Amid More Good Economic News, And Despite Terrorism In Munich, Investors Are Confident In US Stocks
Following a decline in May, the Index of Leading Economic Indicators rose three-tenths of 1% in June, confirming the economic expansion is still intact. The data suggests that the expansion in economic activity will continue at a moderate pace for the remainder of 2016. The LEI is a forward-looking index. In the past, it dropped significantly before recessions, so it is widely watched.
"Improvements in initial claims for unemployment insurance, building permits, and financial indicators were the primary drivers," said Ataman Ozyildirim, Director of Business Cycles and Growth Research at The Conference Board. "While the LEI continues to point to moderating economic growth in the U.S. through the end of 2016, the expansion still appears resilient enough to weather volatility in financial markets and a moderating outlook in labor markets."
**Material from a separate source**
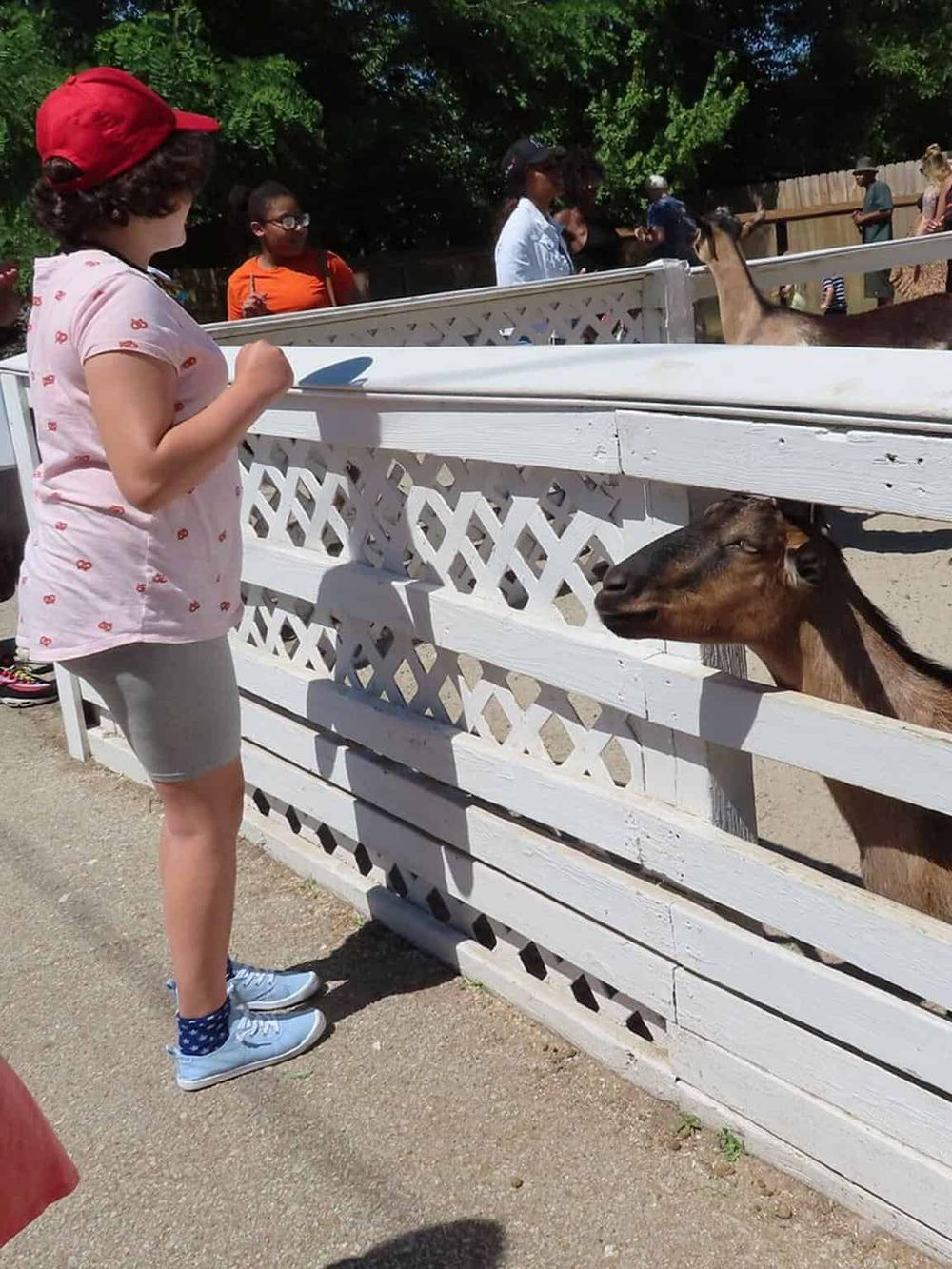 Children feeding goats at petting zoo, outdoor family activity, farm animals, kids interaction, animal feeding experience.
For the second week in a row, the Standard & Poor's 500 stock index closed at a new record high.
The S&P 500, a gauge of the value of America's largest publicly-owned companies, rose about five-tenths of 1% for the week. The index closed Friday at 2175.03.
This bull market is one of the longest in modern financial history over the past 80 years.
Throughout the last six and one-half years, rising stock prices have been propelled by growth in the U.S. economy and rising corporate earnings.
Despite much higher volatility in world affairs as well as share prices, the stock market has continued to march higher.
Neither the rise in terrorism, nor the fears that a Chinese economic slowdown impairing growth across the developing world have been able to end the long bull run.
Before an economy falls into recession, the leading economic indicators drop. Just look at how, before the last two recessions, the LEI collapsed.
This is not the kind of economic reading you see before a recession.
In fact, the economy is not showing any of the usual signs that a slowdown is on the horizon.
On Friday afternoon, July 22, with more than two hours of trading remaining on Wall Street, another terrorist attack occurred, this time in Munich, Germany.
U.S. stock prices were not affected. That's not a sign that the civilized world is coming to accept terrorism as a routine event. Rather it shows that we are confident we will prevail.